Thursday, March 26, 2009
Newspaper industry suffers a very bad week
Politico.com assesses the week for the American newspaper industry as going from bad to worse, with major cutbacks at the nation's franchise newspapers.
These new announcements are quite ironic considering Tennessean editor Mark Silverman's column on Sunday that the industry was doing just fine. So much for his credibility as an honest analyst.
The New York Times, The Washington Post and The Wall Street Journal all took hits and The Christian Science Monitor will be publishing its last print edition. In addition, staffers at the WSJ learned that they would be judged by the breaking news they produce for the WSJ wire and not the days and week dedicated to projects.
Is it Friday yet?
For staffers at The New York Times, The Washington Post and The Wall Street Journal, this week can’t end soon enough.
On Monday, news broke that The Wall Street Journal was losing two top investigative reporters. On Tuesday, President Barack Obama snubbed reporters from the big dailies at his primetime press conference. On Wednesday, Washington Post Co. Chairman Donald Graham signaled to shareholders that 2009 would be worse than the previous year.

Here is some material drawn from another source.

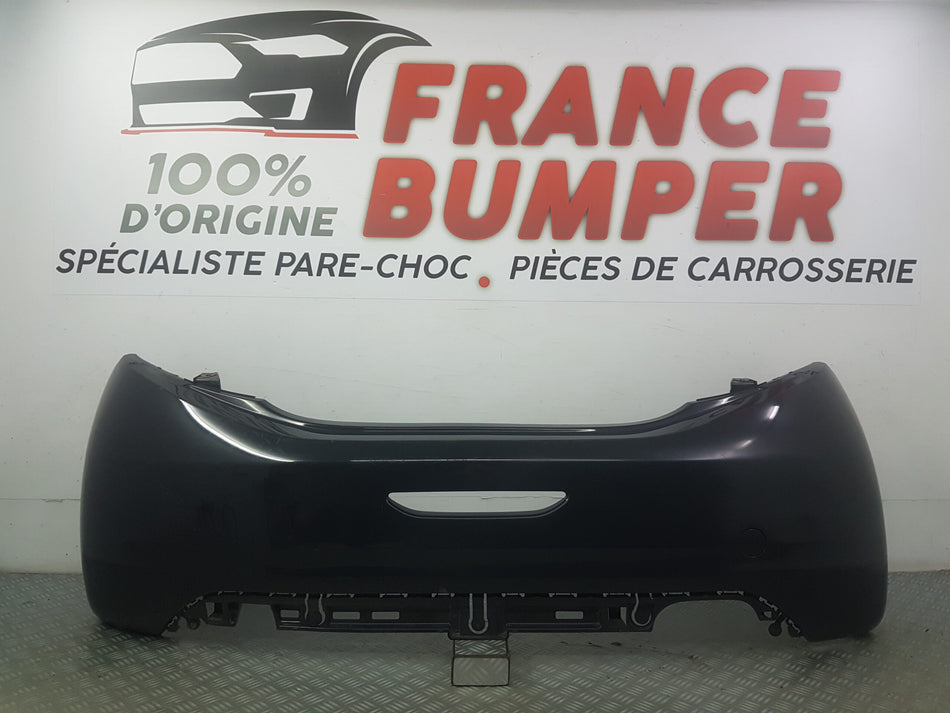 PARE CHOC ARRIERE   PEUGEOT 208 I.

On Thursday, the Times and the Post announced broad cost-cutting measures and plans for reductions in staff. And Friday will bring the final print edition of the Christian Science Monitor.
The Times handed out pink slips Thursday morning to about 100 staffers on the paper’s business side.

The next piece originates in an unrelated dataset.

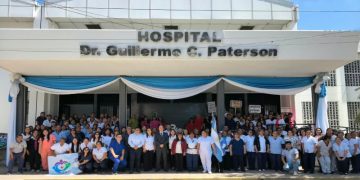 Jujuy refuerza los hospitales públicos para salud de calidad en cada región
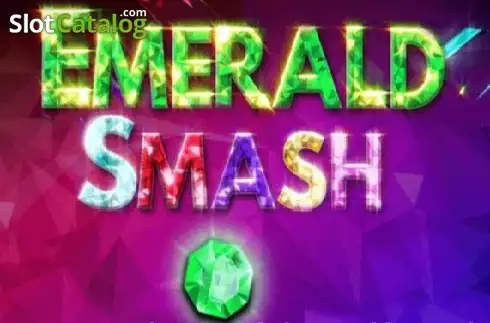 Emerald Smash Λογότυπο Emerald Smash Λογότυπο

For those Times staffers who didn’t get the ax, there was still unpleasant news in memo form: a 5 percent pay cut beginning in April. The consolation: Staffers will now receive an additional 10 days off annually.
In a memo to staff, New York Times Co. Chairman Arthur Sulzberger Jr. and CEO Janet Robinson wrote that the “economic outlook and the changes occurring in the media business” were forcing the company to “take even more steps to lower costs.”
At the Post, Graham offered a similarly grim view.
"The familiar problems of the newspaper industry — declining readership and the loss of classified — are now made worse by bankrupt advertisers," Graham wrote in a letter to shareholders on Wednesday. "The newspaper will lose substantial money in 2009. Some will be non-cash accelerated depreciation because we will be closing a printing plant. Most will be real losses."
Given expectations of a “substantial” loss, few were surprised when the paper’s top brass — Post publisher Katharine Weymouth and executive editor Marcus Brauchli — notified staff that they’d be offering another voluntary buyout package. It’s the fourth time since 2003 that the Post has offered buyouts.
Edward Atorino, a media analyst with Benchmark Co., said the cutbacks at the Times and Post “reinforc[e] the fact that business is getting worse, not better.”